▸ **Data below**
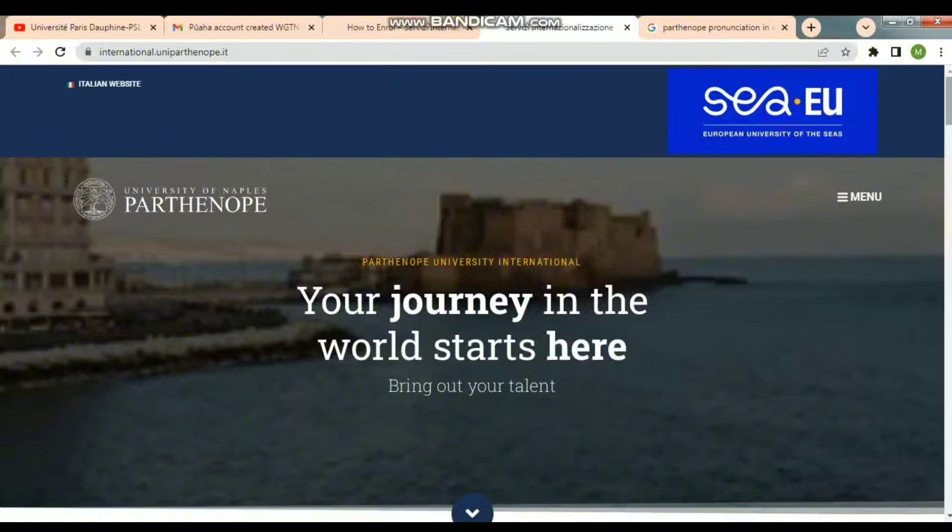Hello and welcome to my channel. Today we will talk about the University of Patronopathy — how to apply, what the procedure is. I will tell you all of this in this video.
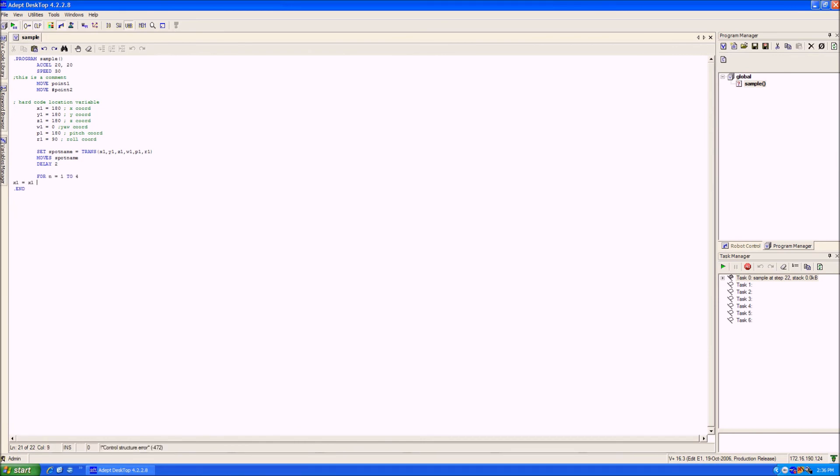Inside the loop, we're going to increase the x-coordinate of the position we just created by 30 mm. Then we can recreate that point and move the robot to a new position.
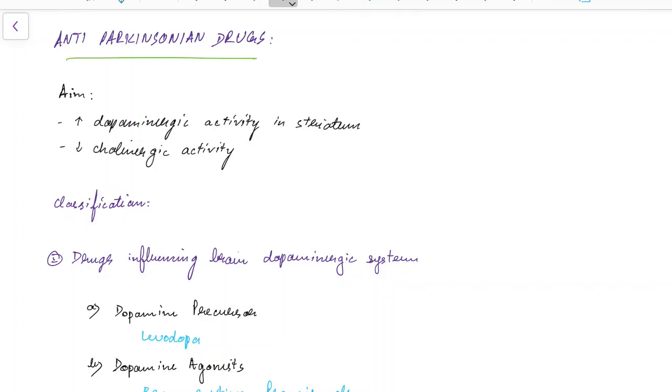Before we see about anti-parkinsonian drugs, let us know the pathophysiology of Parkinsonism. The basic pathophysiology in Parkinsonism is there is a decrease in dopamine in striatum and there is an increase in acetylcholine in striatum.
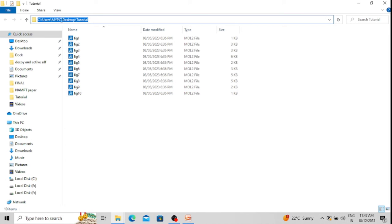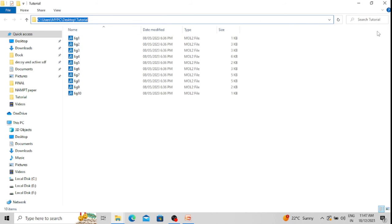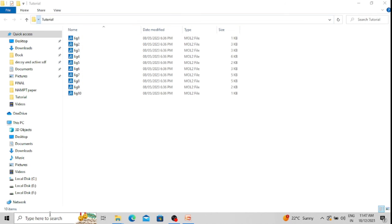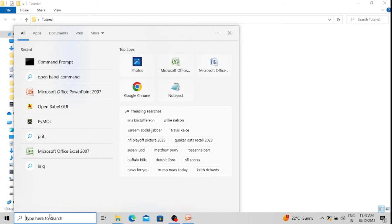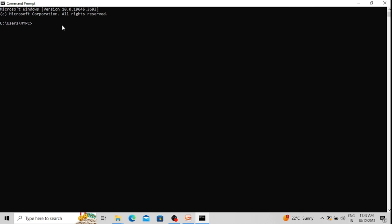First, we need to find the path of the folder containing the files. The path is: Users > mycp > Desktop > tutorial. I am copying this path to use in the command line interface. In the Windows command prompt, I type 'cd' — which means 'change directory' — followed by the path to the tutorial folder, then press Enter. The command line interface now detects the location of the structural files, which are present in the tutorial folder.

▸ **Problem description**
The reply must consist of the complete listing, reproduced exactly, with no images.

▸ **Solution for this problem**
Hello and welcome to my channel. Today we will talk about the University of Patronopathy — how to apply, what the procedure is. I will tell you all of this in this video.
Inside the loop, we're going to increase the x-coordinate of the position we just created by 30 mm. Then we can recreate that point and move the robot to a new position.
Before we see about anti-parkinsonian drugs, let us know the pathophysiology of Parkinsonism. The basic pathophysiology in Parkinsonism is there is a decrease in dopamine in striatum and there is an increase in acetylcholine in striatum.
First, we need to find the path of the folder containing the files. The path is: Users > mycp > Desktop > tutorial. I am copying this path to use in the command line interface. In the Windows command prompt, I type 'cd' — which means 'change directory' — followed by the path to the tutorial folder, then press Enter. The command line interface now detects the location of the structural files, which are present in the tutorial folder.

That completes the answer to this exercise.